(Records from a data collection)

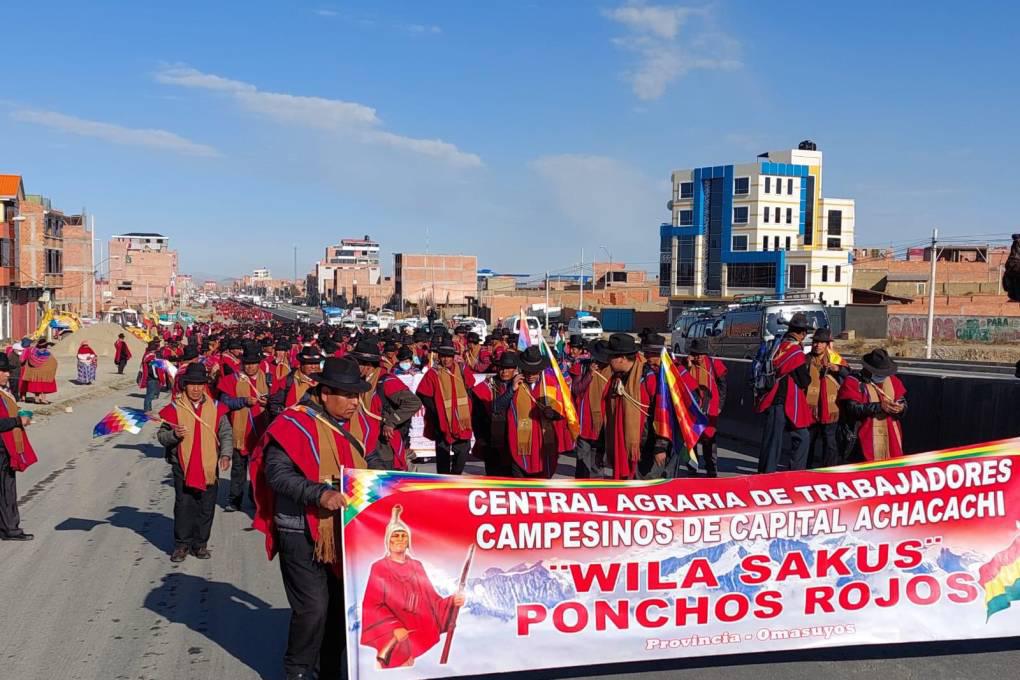 Ponchos Rojos de Omasuyos de La Paz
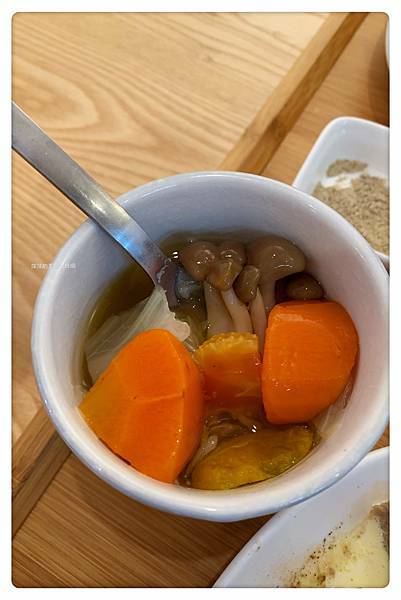 【新店美食】Le Coucou穀咕咕小館 ~ 新店輕食推薦/套餐❤️內用飯.湯免費續(附菜單) - 捷運大坪林站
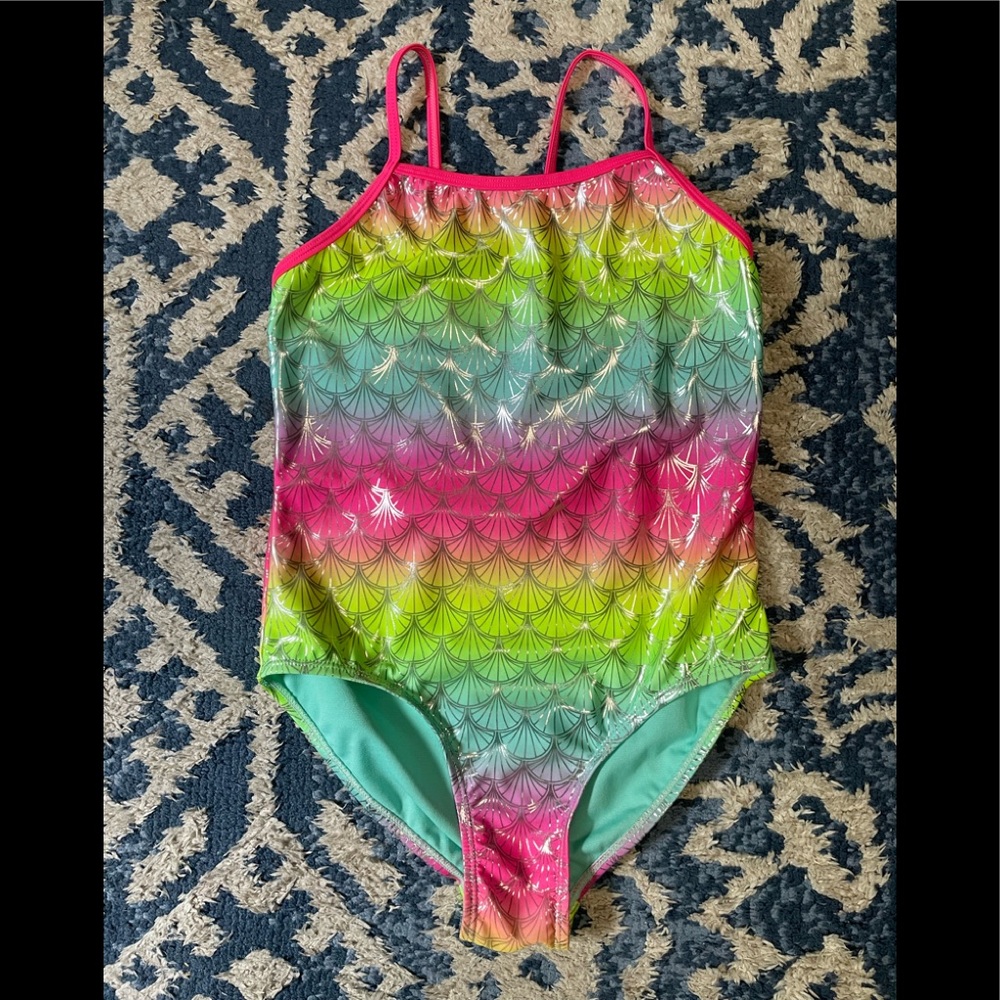 Girl’s one piece bathing suit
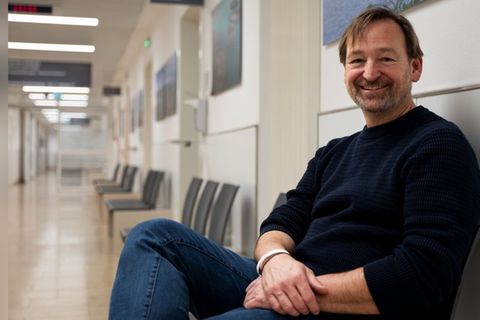 Holger Matthias Wilhelm kehrt in "Lebenslinien" an verschiedene Stationen seines Lebens zurück.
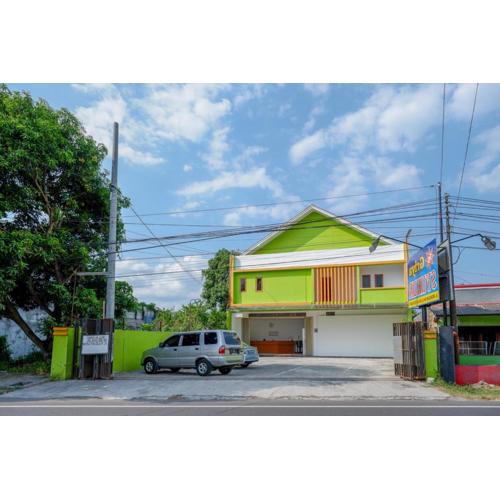 RedDoorz @ Jalan Wonosari KM.9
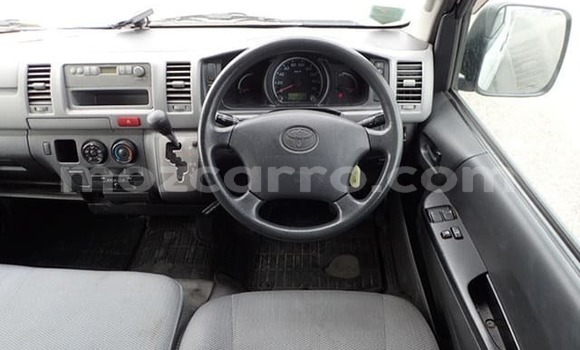 Comprar Usado Toyota Hiace Branco Carro em Maputo em Maputo Comprar Usado Toyota Hiace Branco Carro em Maputo em Maputo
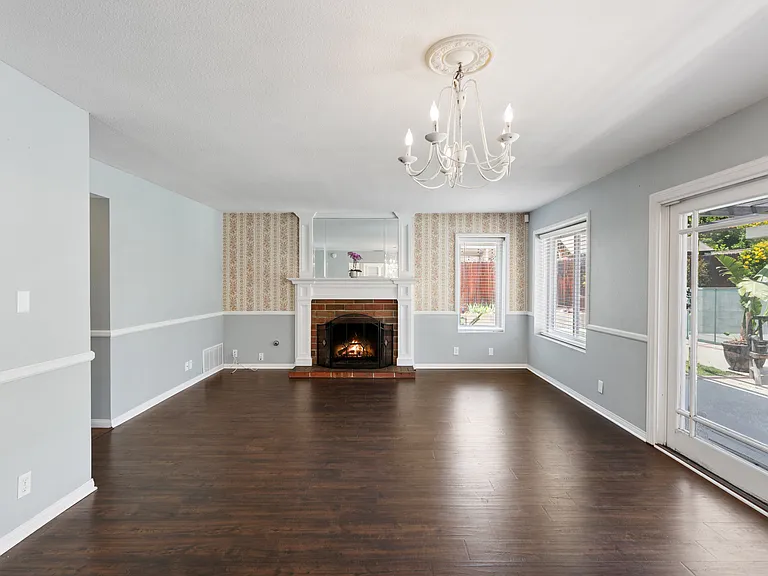 2292 Buffalo Ave — Photo 9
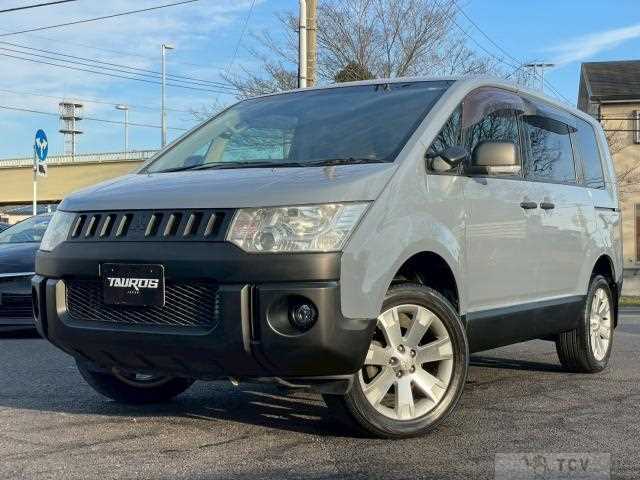 2010 Mitsubishi Delica D5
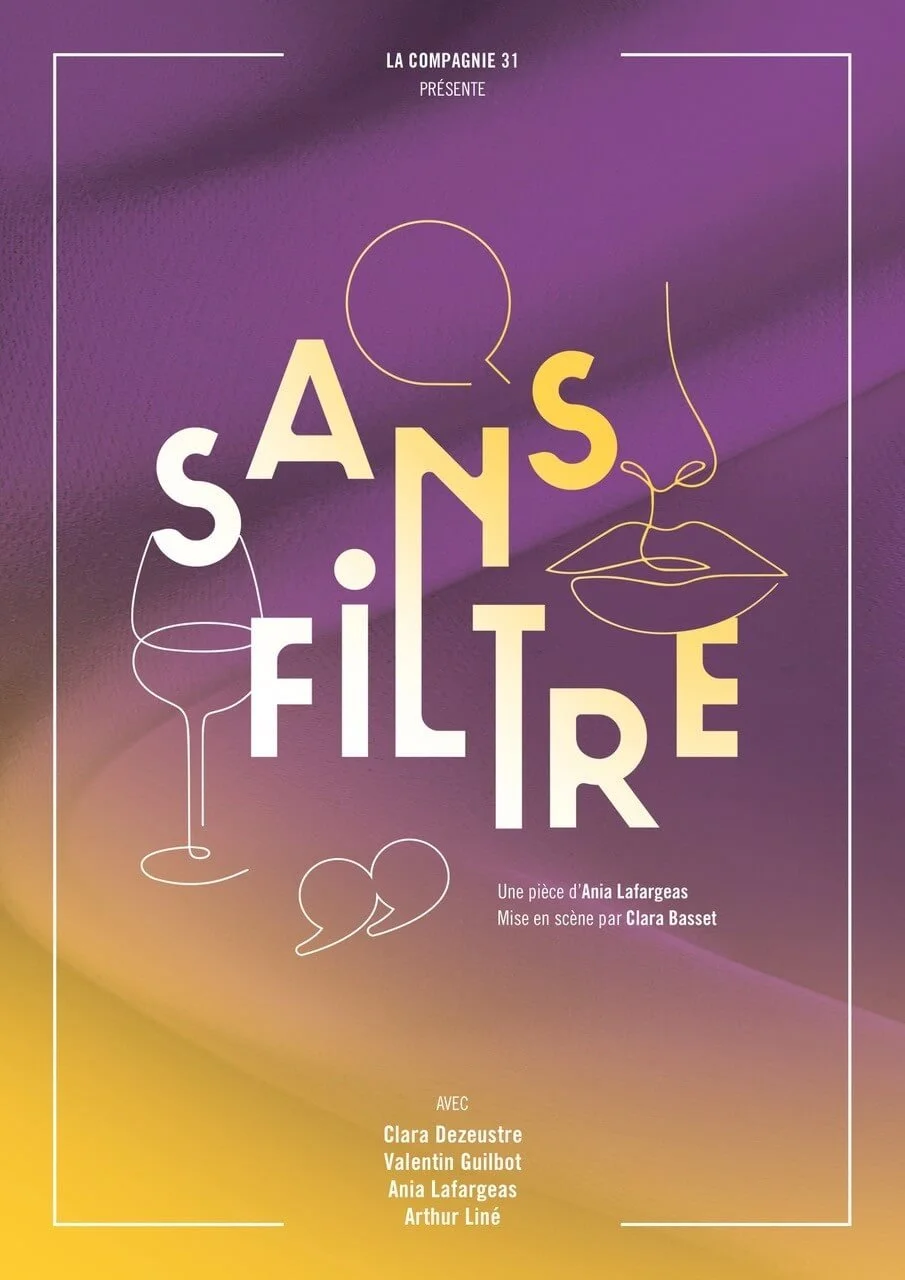 Affiche de la pièce de théâtre intitulée 'Sans Filtre', présentée par La Compagnie 31, réalisée par Ania Lafargeas et mise en scène par Clara Basset. L'affiche a un fond dégradé violet et jaune avec de illustrations minimalistes de verre de vin, de lèvres et de bulles de dialogue.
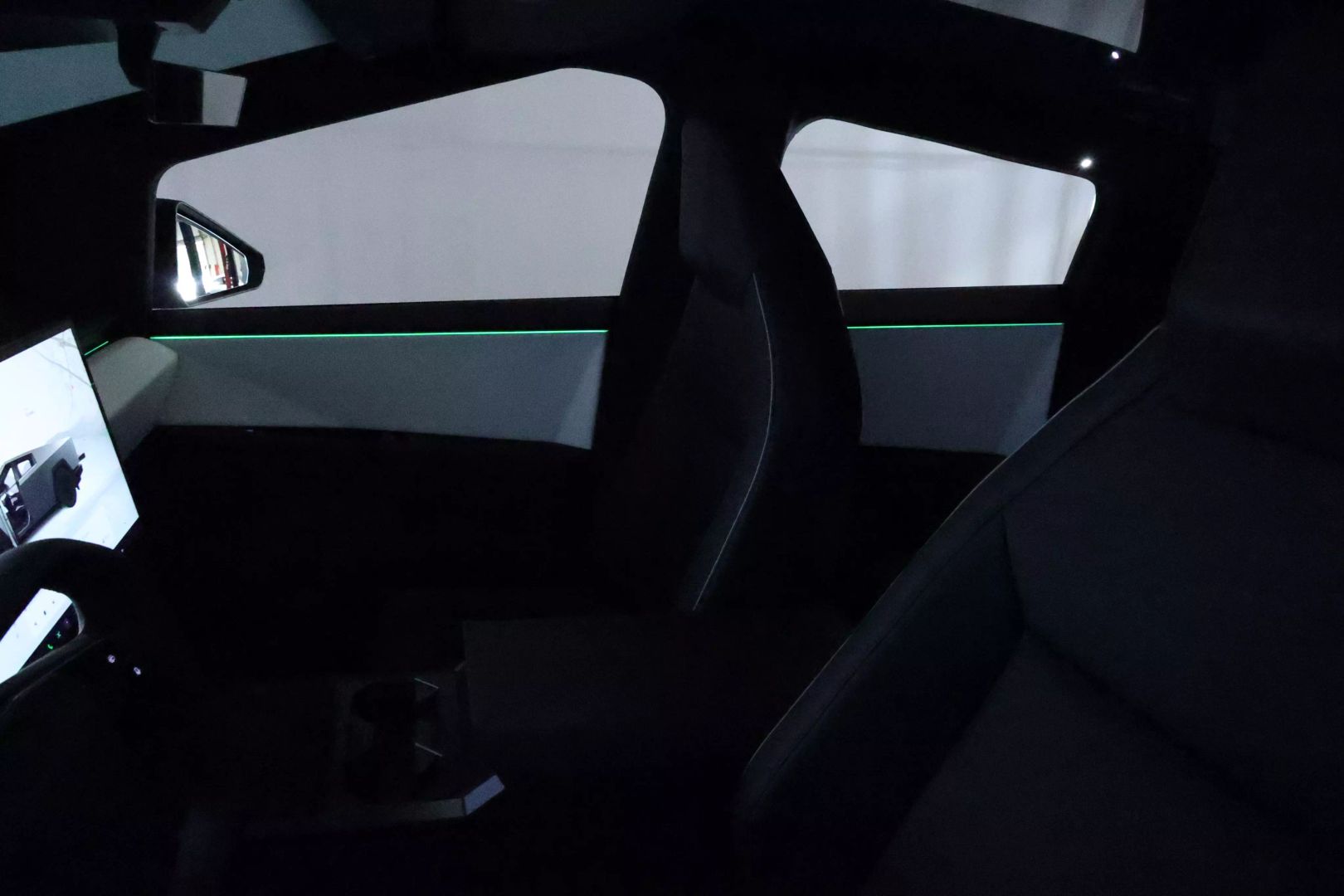 2024 Tesla Cybertruck - Image 132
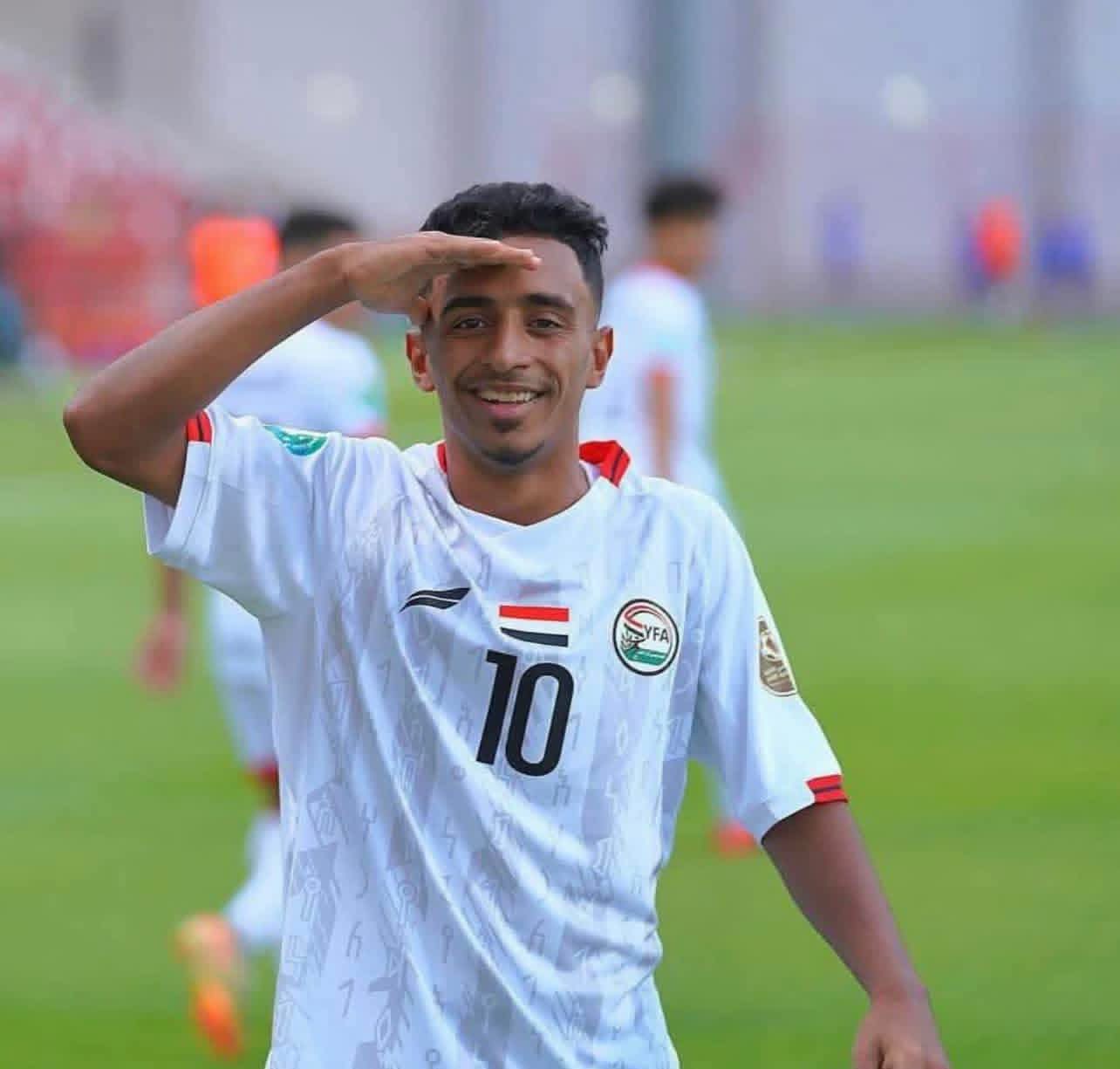 تلال عدن يهنئ المنتخب الوطني الأول ونجمه عادل عباس التأهل لنهائيات اسيا   .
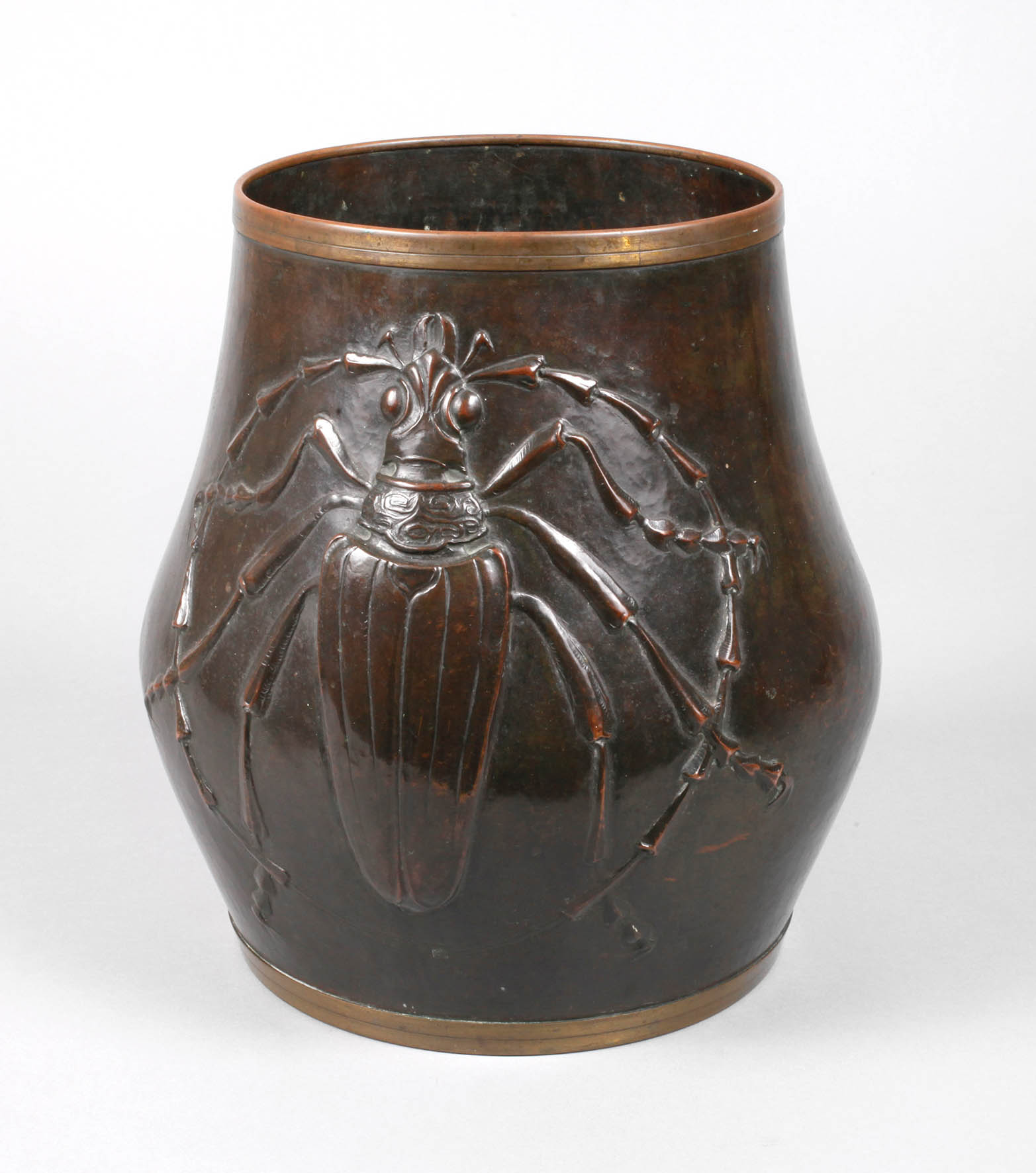 Winhart & Co. Vase mit Käfer
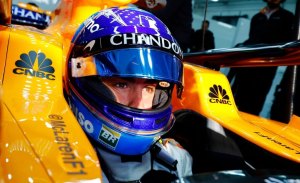 Alonso propone una cámara en el casco para Austin, la FOM la rechaza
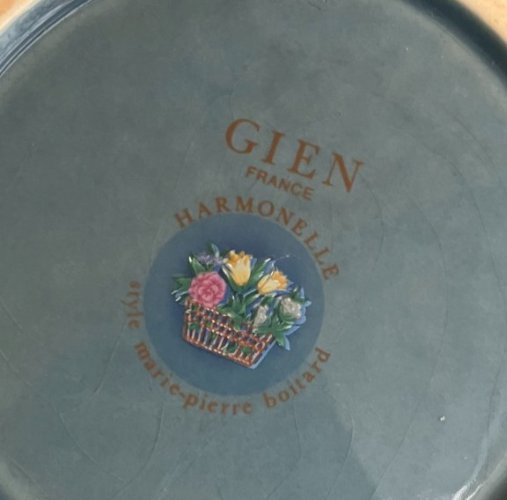 assiette en faience de Gien Harmonelle Marie-Pierre Boitard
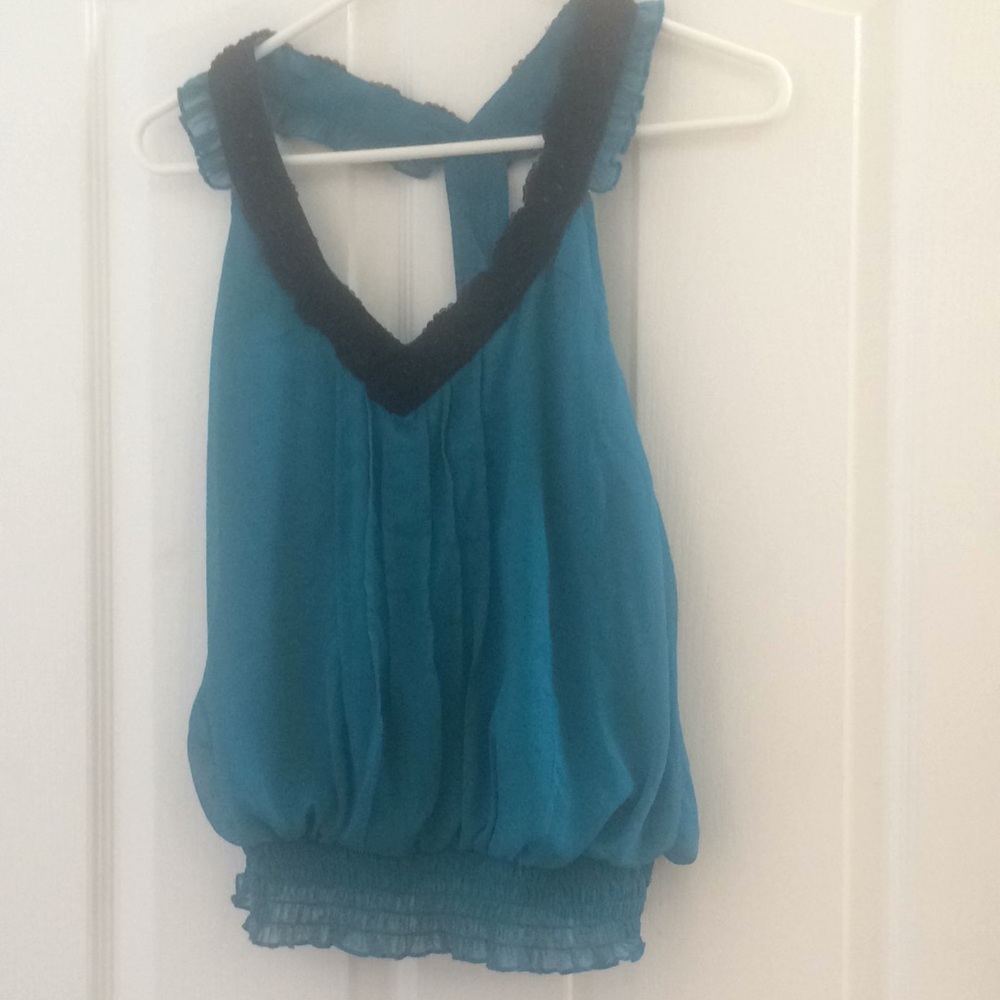 FINAL MARKDOWN Unique xoxo racerback top medium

■ **Try it**: Reproduce exactly the lines above that run from the one with "新店輕食推薦/套餐❤️內用飯.湯免費續(附菜單) - 捷運大坪林站" to the one with "em Maputo Comprar", both included, leaving pictures out.

■ **Problem solution**:
 【新店美食】Le Coucou穀咕咕小館 ~ 新店輕食推薦/套餐❤️內用飯.湯免費續(附菜單) - 捷運大坪林站
 Girl’s one piece bathing suit
 Holger Matthias Wilhelm kehrt in "Lebenslinien" an verschiedene Stationen seines Lebens zurück.
 RedDoorz @ Jalan Wonosari KM.9
 Comprar Usado Toyota Hiace Branco Carro em Maputo em Maputo Comprar Usado Toyota Hiace Branco Carro em Maputo em Maputo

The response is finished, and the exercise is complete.